Aydın her hangi bir partinin üyesi olabilir, farklı bir dinsel inanç sahibi ya da dinsiz olabilir. Her Aydın sosyalist-komünist, devrimci olmayabilir, ancak demokrat olmak zorundadır. Olayları objektif değerlendirmelidir. Çünkü Aydın kişinin herkese karşı sorumlulukları vardır.
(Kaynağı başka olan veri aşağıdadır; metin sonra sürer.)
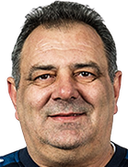 Stefan Stoica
TÜSİAD’ın Başkanı Sayın Ümit Boyner’in şu ifadeleri çok dikkat çekicidir ve üzerinde düşünülmesi gerekir.  “… Kazananları kaybedenlerle paylaşmadıkça bizi güzel günler beklemiyor. Paralar gelsin, özgürlükler kısıtlansın, paralar gelsin gazeteciler hapis yatsın. Paralar gelsin, töre cinayetleri devam etsin… “Hayatımız sanki en çok mağaza açarak büyümek üzerine kurulmuş. Gözümüzü sadece ekonomik büyümeye dikemeyiz”… İlerde çocuklarımız ‘Cumhuriyet tarihinin en yakıcı günlerini geçiriyorken siz ne yaptınız?’ diye sorduklarında ‘Bizler daha çok mağaza açmak, AVM’lerde en iyi yerleri kapmak için çalışıyorduk mu’ diyeceğiz. Bir kere geldiğimiz hayat bundan ibaret olmamalı.” (RADİKAL)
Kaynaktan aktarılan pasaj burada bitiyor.